Efekt jest taki, że przewoźnicy nie tylko stracili już pieniądze za kilka odwołanych wyjazdów, ale są też na dobrej drodze do zarżnięcia kury znoszącej złote jaja, czyli zerwania współpracy z „Kolejorzem”. – Na ten moment mamy jeden pociąg specjalny z PKP IC, Arka Gdynia ma trzy, to wszystko. Kolejnych nie jesteśmy w stanie wynegocjować – padają argumenty, że trzeba będzie ściągać je z całej Polski. Rok temu do Warszawy dowoziły nas składy przyprowadzone do Poznania choćby z Zamościa – tłumaczą kibice Lecha. I dodają, że to nie jest pierwsza rysa na współpracy z kolejami. – Przy wyjeździe do Krakowa zostaliśmy przewiezieni przez… Kielce. W teorii przez remonty, zapchanie torów i tak dalej, w praktyce – zapłaciliśmy więcej, bo dystans kilometrowy był większy.

Na spotkaniach grup roboczych wokół finału Pucharu Polski scenariusz jest ten sam – kolejarzy przekonują kibice, przekonują ich przedstawiciele władz piłkarskich, nawet policjanci – ale nie, „bo nie”, „bo się nie da”.

Czarny scenariusz? Setki kibiców upchnięte w rejsowych pociągach Poznań – Warszawa, między zwykłymi pasażerami, przy jednoczesnym najeździe samochodowym i autokarowym. Takiej operacji logistycznie nie będzie w stanie udźwignąć policja, ale przede wszystkim – infrastruktura drogowa przy bramkach na autostradzie A2 i już wokół Stadionu Narodowego. Przypomnijmy – w Warszawie. O ile policjantom odpada oddzielanie kibiców obu drużyn biorących udział w finale – wszak to mecz przyjaźni – to już ochrona przed mieszkańcami stolicy wydaje się uzasadniona. A jak tego dokonać, jeśli fanatycy będą dojeżdżać jednocześnie pociągami z zachodu i północy, przeszło tysiącem aut i pojedynczymi autokarami?

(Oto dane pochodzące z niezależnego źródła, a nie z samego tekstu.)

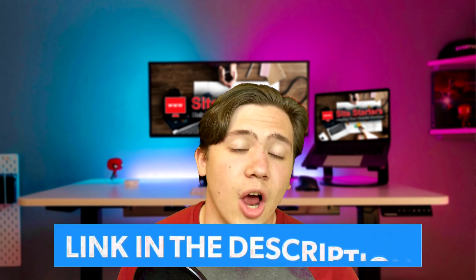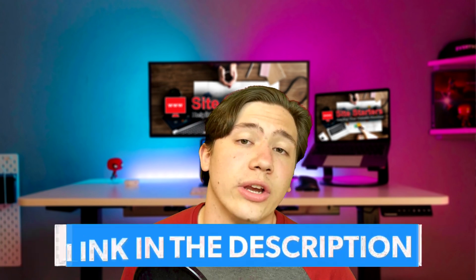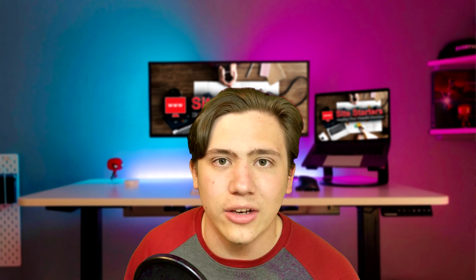That's going to do it for this video. If you want to check out my picks of the top website hosting companies for 2021, head down to the link in the description. If you enjoy my content, leave a like, subscribe, and hit that notification bell. Thanks for watching — till next time, I'll see you in the next video.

Dlaczego kibice wypowiadając się na temat PKP i PR ironizują na temat „dobrej zmiany”? Bo odmienne traktowanie rozpoczęło się wraz z wymianą kadr w publicznych spółkach zafundowaną przez zwycięzców ostatnich wyborów.

– Warto tu dodać – to nie wygląda na jakąś zaplanowaną akcję z góry, że ośrodki decyzyjne nakazują kolejom: utrudniajcie życie kibicom. Nie, po prostu fachowców, ludzi z doświadczeniem, którzy mieli wypracowane schematy działania zastąpili wystraszeni i pozbawieni inicjatywy – przekonuje Koszecki. – Nie wiedzą jak się do tego zabrać, nie uczestniczyli w rozwiązywaniu wcześniej tego typu problemów.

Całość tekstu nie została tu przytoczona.